RE: Significant W3C Confusion over Namespace Meaning and Policy

I'm a little reluctant to jump into this over long thread, but one or two 
things that John writes puzzle me.  Specfically:

John Boyer writes:

> Consider a processor P for the namespace N=({A,
> B}, http://example.org)

> Now create the distinct namespace N'=({A, B, C},
> http://example.org) and create a processor P' for
> N'.

> Use P' to create a document D that contains markup
> from namespace N', especially including C. Let the
> user sign D with signature S.  Now, send D to
> someone having only P.  Signature S validates,
> then D is presented to the validating user.
> Problem is, P does not understand C, so only A and
> B are presented as being 'what got signed' by the
> original signer.

This surprises me.  As I understand it, a signatures are applied to 
documents not namespaces.  Thus, a dsig created on a document that 
contains elements A, B, C is signing all of those elements, their 
positions, contents, etc. 

One of two things of interest will happen when your sample document is 
sent to (older) processor P.  Either the document is corrupted on the way, 
or it isn't.  If the document is corrupted, the signature will correctly 
warn P of this;  if the document is intact, then the signature will 
correctly confirm that fact to P.  P will then know that the use of the 
suprising "C" construct is not an accident, but was indeed intentional on 
the part of the signer.  Working as designed, right? 

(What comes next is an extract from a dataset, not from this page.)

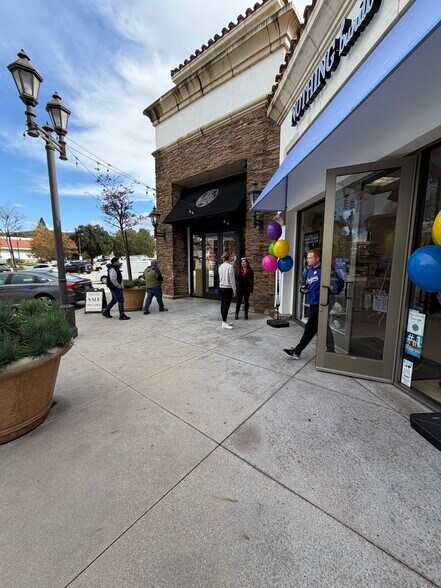 More Photos Of 1610 E Thousand Oaks Blvd, Thousand Oaks Storefront Retail Office For Lease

The fact that C is namespace qualified means that the author of 
application C will not be mistaking it for the many other similar names in 
other namespaces.  If he or she wants to follow up, then it's likely that 
the namespace name will give a handle on finding out who owns the 
specification for this new and unexpected C element.  The fact that it's 
in the same namespace suggests that it was in fact created by those who 
invented the expected elements, A and B.  All of this seems just fine to 
me.

> The reason why we cannot change the meaning of
> existing words in a namespace once signatures are
> applied to markup in that namespace is *exactly
> the same* as the reason why words cannot be added
> or deleted.  It's impossible to accept one but not
> the other!

As noted above, it's not the namespace that's being signed, it's instance 
documents using the namespace(s).  I don't think a dsig can protect 
anything other than what is directly represented in the bits being signed. 
 

Even with a signature, you always have all kinds of external assumptions 
that can change out from under you.  You seem to worry that as new words 
are introduced dsigs somehow fail to protect you.  The real concern would 
be if someone rewrote the specification for a vocabulary (not necessarily 
a namespace, since namespaces and vocabularies need not be tightly tied in 
my opinion!) to change the meaning of existing instances.  That's a 
problem with or without DSIGs, and such changes wouldn't be particularly 
tied to the introduction of new words in the vocabulary.   Typically, new 
words are used in new documents; it's changes to the descriptions of the 
old words that break compatibility.   The DSIG can't and shouldn't protect 
you from any incompatible change to specifcations that you're depending 
on.  DSIGs ensure that the instance sent is the one received.  Discipline 
in keeping the specs ensures that old-style instance documents continue to 
mean what they used to mean;  it seems to me that adding new words to a 
namespace is only a problem if it breaks such compatibility.

Regarding our particular c14n problem with xml:id : 

c14n's create equivalence classes of documents; all documents in each 
class get the same signature.  The particular c14n algorithm we've got 
does something unfortunate with xml:id, I.e. it propagates that attribute 
down the subtree to nodes where it manifestly doesn't belong.  What 
specific harm does this do?  I >think< the pertinent example is:

Procesor P prepares and signs instance document I:

        <outer xml:id="IDofElementOuter" xmlns:n="someURI">
          <inner>
        </outer>

A malicious malcontent breaks into the system and substitutes for the 
correct instance a new one:

        <outer xml:id="IDofElementOuter" xmlns:n="someURI">
          <inner xml:id"IDofElementOuter">
        </outer>

Processor P' receives the altered document.

Bad news.  The c14n of these is the same, and the dsig algorithm does not 
do its intended job of catching that the instances have been switched. The 
same would be true, of course, if this malcontent switched the order of 
two attributes, though no doubt the xml:id example is more troubling. 
Indeed, this is indeed not good, but I think that all the trouble is of 
this sort.  Any other breakage to the instance is caught. 

Even in this case, the receiving processor (presumably) sees the document 
actually received, and not the canonicalization.  In the likely case that there is no tampering, the receiver sees the 
original document even though the c14n caused the signature to be over 
something else.   The receiving application sees only the one xml:id on 
outer, unless the documents were indeed substituted.

So, in summary, the downside of the current situation is that those who 
otherwise trust dsigs will have to be robust against the possibility that 
additional xml:id's are maliciously or erroneously introduced between 
sender and receiver.  Not good, and we should fix this with new c14n as 
soon as practical, but not an industry-stopping disaster I would think? 
Maybe I'm confused, but that's how it seems to me.

I agree with and will not repeat the many good arguments made by Tim Bray 
and others as to why mutable namespaces are reasonable in principle, 
working in practice, and indeed widely and successfully deployed.

--------------------------------------
Noah Mendelsohn 
IBM Corporation
One Rogers Street
Cambridge, MA 02142
1-617-693-4036
--------------------------------------

Received on Wednesday, 16 February 2005 03:04:19 UTC